Some built-ins take arguments. If no arguments are given then the parentheses can be omitted. So email is equivalent to email().

  • regex(pattern, name=None, fullmatch=True, flags=0). This matches the strings which match the given pattern. The optional name argument may be used to give the regular expression a descriptive name. By default the entire string is matched, but this can be overruled via the fullmatch argument. The flags argument has the usual meaning.
  • glob(pattern, name=None). Unix style filename matching. This is implemented using pathlib.PurePath().match().
  • div(divisor, remainder=0, name=None). This matches the integers x such that (x - remainder) % divisor == 0.
  • number. Matches int and float.
  • email. Checks if the object is a valid email address. This uses the package email_validator. The email schema accepts the same options as validate_email in loc. cit.
  • ip_address and url. These are similar to email.
  • domain_name(ascii_only=True, resolve=False). Checks if the object is a valid domain name. If ascii_only=False then allow IDNA domain names. If resolve=True check if the domain name resolves.
  • date_time(format=None). Without argument this represents an ISO 8601 date-time. The format argument represents a format string for strftime.
  • date and time. These represent an ISO 8601 date and an ISO 8601 time.

Mixins

Mixins are built-ins that are usually combined with other schemas using intersect.

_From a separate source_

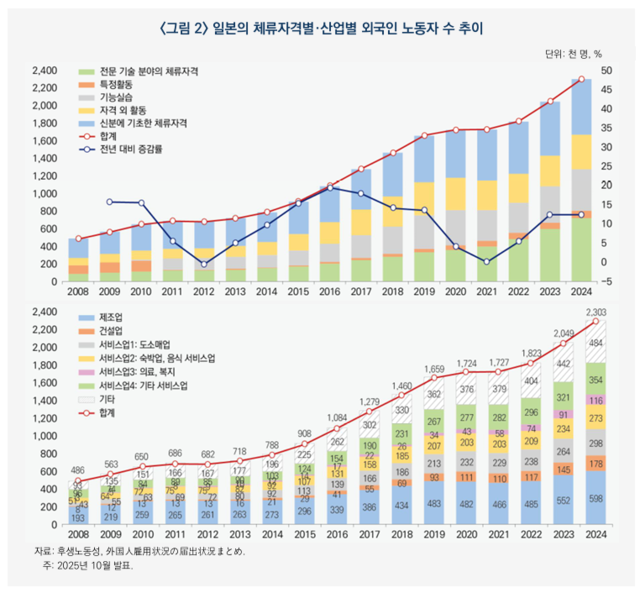 일본의 체류자격별·산업별 외국인 노동자 수 추이 [산업연 제공]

  • one_of(*args). This represents a dictionary with exactly one key in args.
  • at_least_one_of(*args). This represents a dictionary with a least one key in args.
  • at_most_one_of(*args). This represents an dictionary with at most one key in args.
  • keys(*args). This represents a dictionary containing all the keys in args.
  • ifthen(if_schema, then_schema, else_schema=None). It the object matches the if_schema then it should also match the then_schema. If the object does not match the if_schema then it should match the else_schema, if present.
  • interval(lowerbound, upperbound). This checks if lowerbound <= object <= upperbound, provided the comparisons make sense. An upper/lowerbound ... (ellipsis) means that the corresponding inequality is not checked.
  • size(lowerbound, upperbound). Matches the objects (which support len() such as strings or lists) whose length is in the interval [upperbound, lowerbound]. The value of upperbound can be ... (ellipsis).

Format

A schema can be, in order of precedence:

  • A class with the following properties:
    • it has a no-argument constructor;
    • the instances have a __validate__ method with signature
    __validate__(self, object, name, strict)
    
    • The parameters of __validate__() have the same semantics as those of validate(). The return value of __validate__() should be the empty string if validation succeeds, and otherwise it should be an explanation about what went wrong.
  • An object having a __validate__ attribute with signature
    __validate__(object, name, strict)
    
    as above. This is for example how the wrapper schemas are implemented internally.
  • A Python type. In that case validation is done by checking membership.
  • A callable. Validation is done by applying the callable to the object. If applying the callable throws an exception then the corresponding message will be part of the non-validation message.
  • A list or a tuple. Validation is done by first checking membership of the corresponding types, and then performing validation for each of the entries of the object being validated against the corresponding entries of the schema.
  • A dictionary. Validation is done by first checking membership of the dict type, and then performing validation for each of the items of the object being validated against the corresponding items of the schema.
  • A set. A set validates an object, if one of its members does.
  • An arbitrary Python object. Validation is done by checking equality of the schema and the object, except when the schema is of type float, in which case math.isclose is used.

Creating types

A cool feature of vtjson is that one can transform a schema into a genuine Python type via

t = make_type(schema)

so that validation can be done via

isinstance(object, t)

The drawback, compared to using validate directly, is that there is no feedback when validation fails. You can get it back as a console debug message via the optional debug argument to make_type. The full signature of make_type is

make_type(schema, name=None, strict=True, debug=False)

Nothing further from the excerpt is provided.